AIM OF THE TASK » In the records that follow, the lines from the one containing "Hello and welcome" to the one containing "Hello everyone, welcome", inclusive, are to be given again exactly.

/---

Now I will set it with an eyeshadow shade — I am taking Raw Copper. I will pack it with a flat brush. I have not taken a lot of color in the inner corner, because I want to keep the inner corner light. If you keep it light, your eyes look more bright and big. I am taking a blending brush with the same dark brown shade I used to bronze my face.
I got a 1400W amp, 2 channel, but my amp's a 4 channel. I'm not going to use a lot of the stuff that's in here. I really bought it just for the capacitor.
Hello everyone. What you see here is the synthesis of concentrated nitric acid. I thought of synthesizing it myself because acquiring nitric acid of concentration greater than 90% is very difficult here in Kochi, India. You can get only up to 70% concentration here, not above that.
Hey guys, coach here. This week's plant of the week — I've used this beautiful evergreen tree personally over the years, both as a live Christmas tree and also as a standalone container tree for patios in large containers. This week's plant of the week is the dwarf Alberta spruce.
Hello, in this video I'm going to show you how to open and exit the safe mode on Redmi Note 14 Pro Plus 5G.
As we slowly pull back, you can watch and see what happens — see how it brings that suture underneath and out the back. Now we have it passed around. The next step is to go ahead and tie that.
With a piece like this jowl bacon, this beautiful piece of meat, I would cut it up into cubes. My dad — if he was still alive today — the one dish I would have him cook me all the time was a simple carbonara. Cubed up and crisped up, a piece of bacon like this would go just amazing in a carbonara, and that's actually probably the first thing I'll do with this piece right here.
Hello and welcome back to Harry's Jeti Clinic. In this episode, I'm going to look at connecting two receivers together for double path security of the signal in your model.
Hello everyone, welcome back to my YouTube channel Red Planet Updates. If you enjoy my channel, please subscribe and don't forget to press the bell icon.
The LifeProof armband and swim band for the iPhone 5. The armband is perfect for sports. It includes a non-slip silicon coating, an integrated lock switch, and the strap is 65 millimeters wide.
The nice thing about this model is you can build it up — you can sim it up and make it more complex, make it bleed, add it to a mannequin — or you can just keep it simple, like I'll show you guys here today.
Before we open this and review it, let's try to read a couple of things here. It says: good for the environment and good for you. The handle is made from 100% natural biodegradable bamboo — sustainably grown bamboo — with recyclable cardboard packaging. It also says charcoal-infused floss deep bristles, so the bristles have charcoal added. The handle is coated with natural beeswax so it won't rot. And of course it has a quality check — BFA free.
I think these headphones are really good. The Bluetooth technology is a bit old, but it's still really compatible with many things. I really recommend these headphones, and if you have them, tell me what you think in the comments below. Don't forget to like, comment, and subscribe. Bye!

\---

EXERCISE OUTPUT »
Hello and welcome back to Harry's Jeti Clinic. In this episode, I'm going to look at connecting two receivers together for double path security of the signal in your model.
Hello everyone, welcome back to my YouTube channel Red Planet Updates. If you enjoy my channel, please subscribe and don't forget to press the bell icon.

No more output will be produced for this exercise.